Bu töreni planlarken ve ilk defa stadyum dışına çıkarırken çok düşünmüşler. Bu kararı verdikten sonra tüm artistik ekip defalarca Seine Nehri üzerinde dolaşıp duran bateaux-mouche’larla nehri gezmişler. Hangi bina, hangi kıyıdan ne kadar görünüyor, hangilerini nasıl kullanıp hangi hikâyeye bağlayabiliriz kararını vermek kolay olmamış. Sonra eski açılış törenlerini izlemişler, “Hepsinden bir şeyler aldık, belki Pekin hariç” diyor. “Bizimki askeri düzende bir geçit töreni değil, bu işi kabul ederken özgür bir şekilde çalışacağıma dair söz aldım. En ufak bir şey dayatılsaydı, bırakırdım” diyor.

KRONOLOJİK AKIŞA GEREK YOK

Siz bu satırları okurken, töreni izlemiş olacaksınız. Biz Boucheron’dan hiç ipucu alamadık, sadece kronolojik bir akış olmadığını öğrenebildik. “Seine Nehri’nin iki yanındaki tarihi binalar da kronolojik olarak sıralanmıyorlar zaten” diyor, “Neden tören öyle olsun? Şurası kesin ki bahsetmemiz gereken her şeyden bahsettik. Napolyon tarihimizin parçasıysa Napolyon törenin de parçası. Ama herkes her şeyi beğenmeyecek. Bu da kesin.”

FARKLILIKLARIMIZI AÇIĞA ÇIKARMAYI HEDEFLEDİK

“Dünya zor zamanlardan geçiyor… Herkes elindekilerle idare ediyor, insanların evde kalması için çok fazla sebep var, korkuyorlar, hiçbir şey yapmak istemiyorlar ama biz tam tersini amaçladık. Ne kadar farklı olursak olalım, farklılıklarımıza rağmen tekrar bir araya gelebileceğimizi, beraber eğlenebileceğimizi göstermek istedik.” Ne güzel bir amaç bu. Siz bu satırları okurken amaca ulaşılıp ulaşılmadığına karar vereceksiniz.

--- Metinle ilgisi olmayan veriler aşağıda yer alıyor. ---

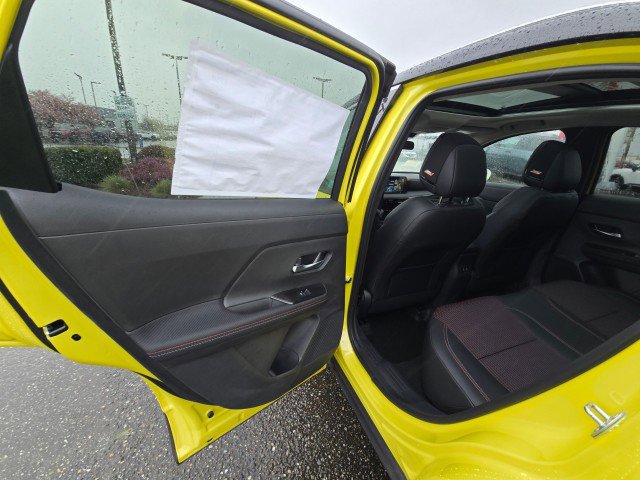 New 2025 Nissan Kicks SR w/ SR Premium Package image 19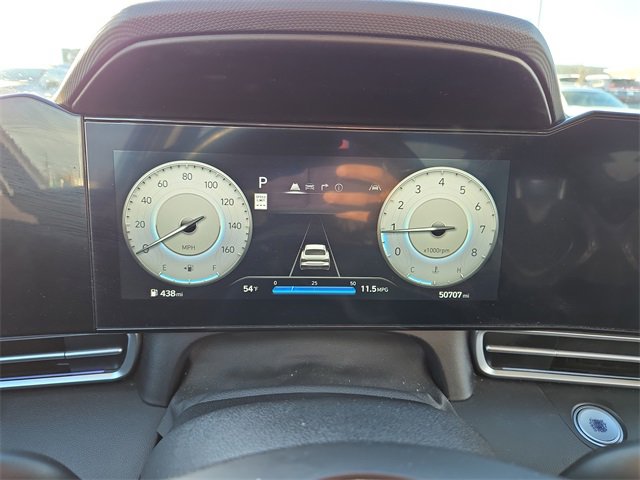 Used 2024 Hyundai Elantra Limited image 36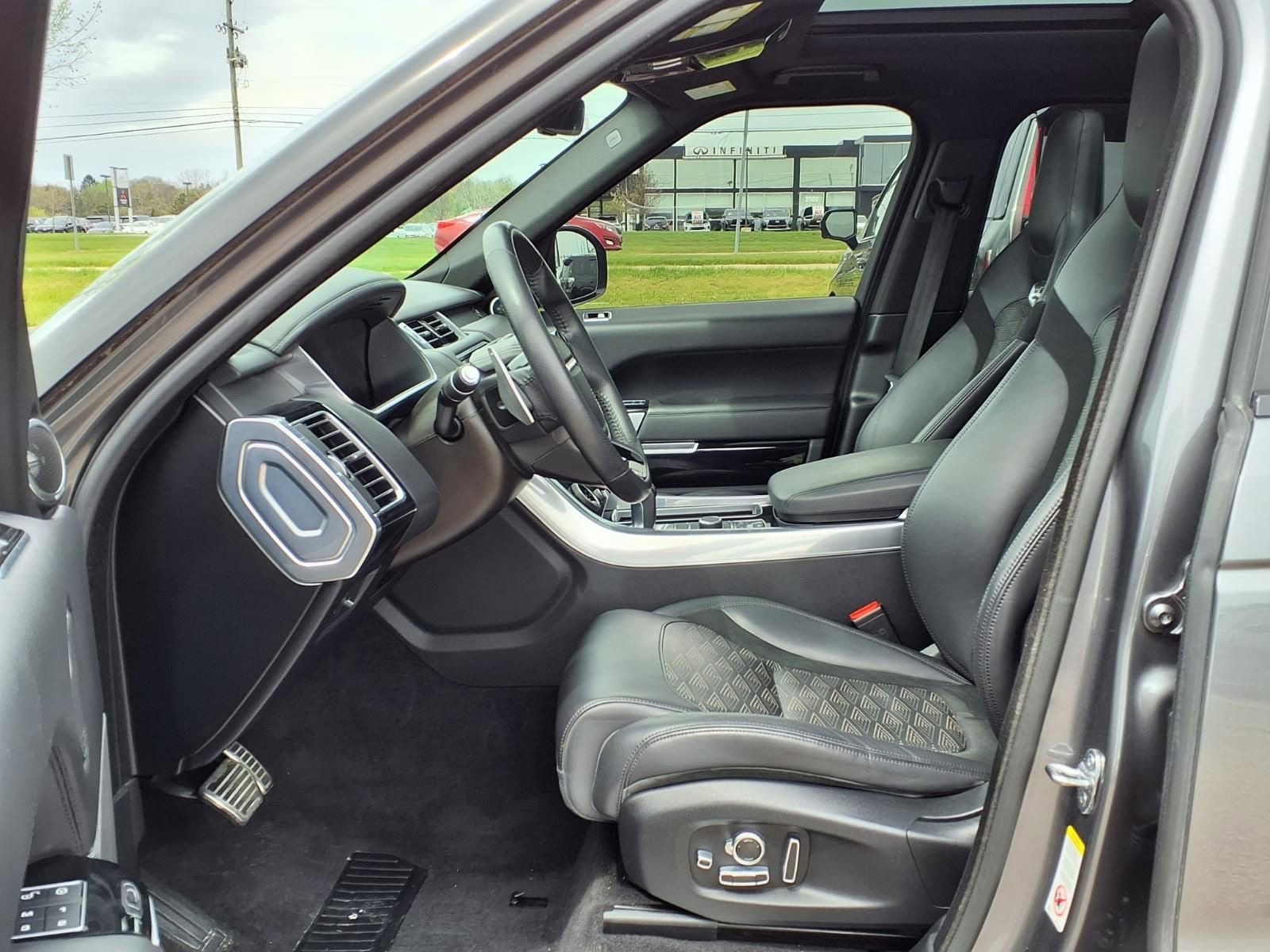 Thumbnail: 2019 Land Rover Range Rover Sport - 16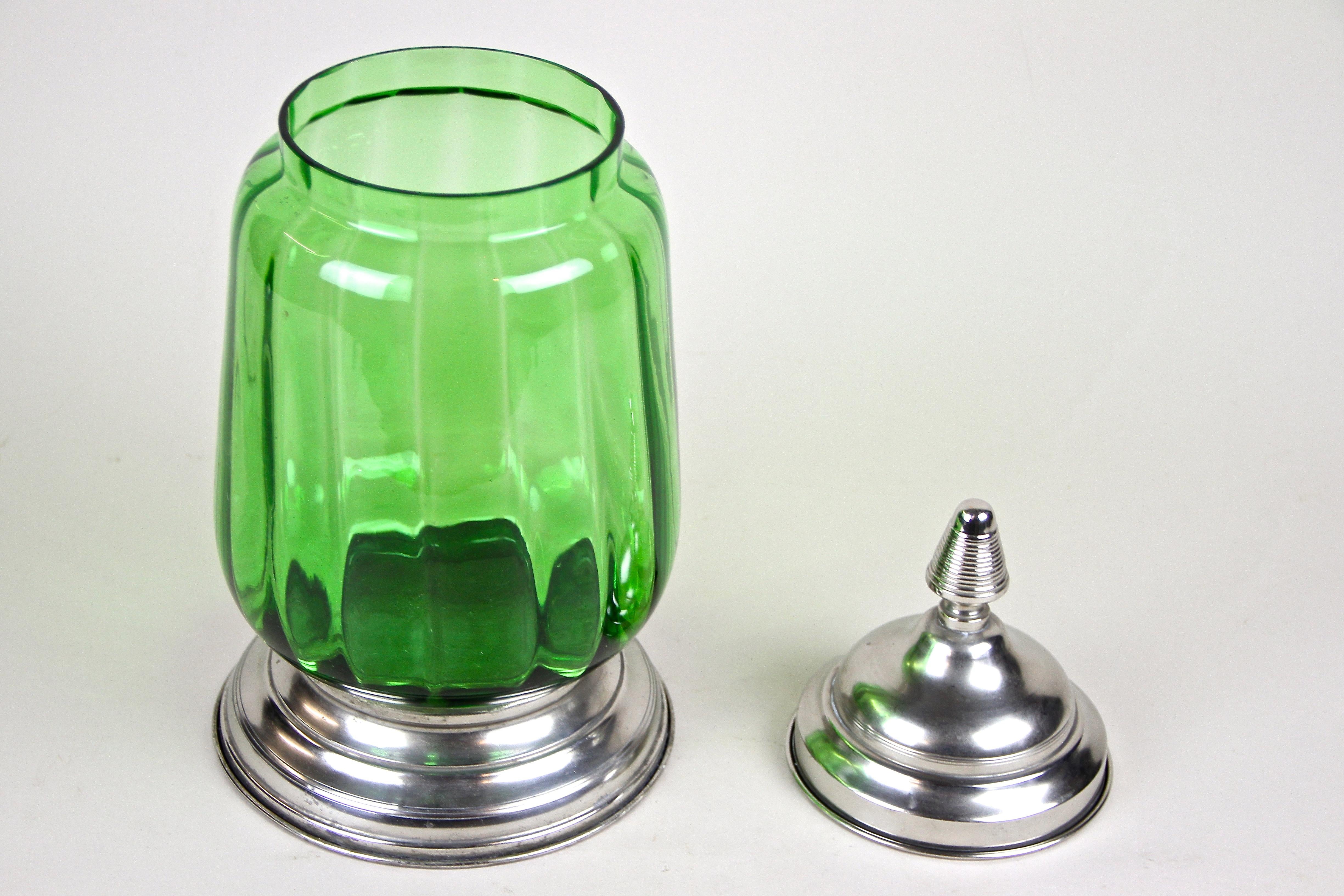 Art Deco Green Glass Jar/ Punch Bowl with Lid, Austria, circa 1920 1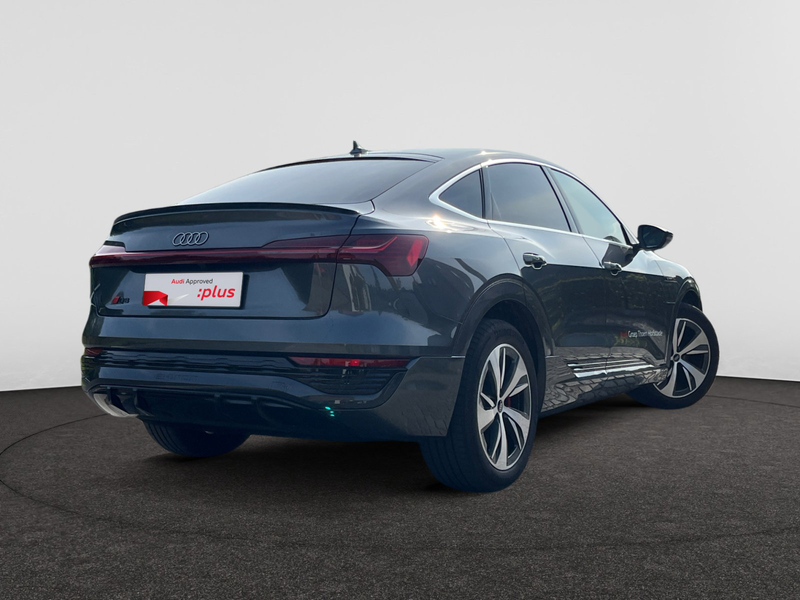 Audi Q8 Audi Q8 Sportback S line 55 e-tron quattro 300 kW — photo 4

DÜNÜN GARDiYANLARI DEĞiL BUGÜNÜN ANLATICILARIYIZ

Spor ve politika yan yana gelmez diye bir klişe vardır, oysa birbirlerinden hiç uzaklaşmadılar. Özellikle olimpiyat tarihi, dünya siyaset tarihi gibi. Bu tören, Fransızların, tüm klişeleriyle kendilerini ortaya koyacakları, kendileriyle dalga geçecekleri bir tören. “Özellikle başlangıçta peş peşe tüm klişeleri boca ettik ki sonrasında onları aradan çıkarıp, başka bir hikaye anlatabilelim” diyor Boucheron ve ekliyor, “Biz tarihçilerin özellikle gençlere karşı bir sorumluluğu var. Biz onlara nereden geldiğimizi anlatmakla yükümlüyüz. Dünün gardiyanları değil, bugünün anlatıcılarıyız”. Töreni izlediniz mi, beğendiniz mi bilmiyorum. Ama bugün onun hakkında biraz olsun konuştuysanız, sanırım organizasyon komitesi amacına ulaşmış olacak. “Hepimizin aynı fikirde olması, hiçbir konuda mümkün değil. Ama birbirimizin farklı düşüncelerine tolerans göstermek, tartışarak, konuşarak anlaşmaya çalışmak, işte bu mümkün olmalı”. Bence de.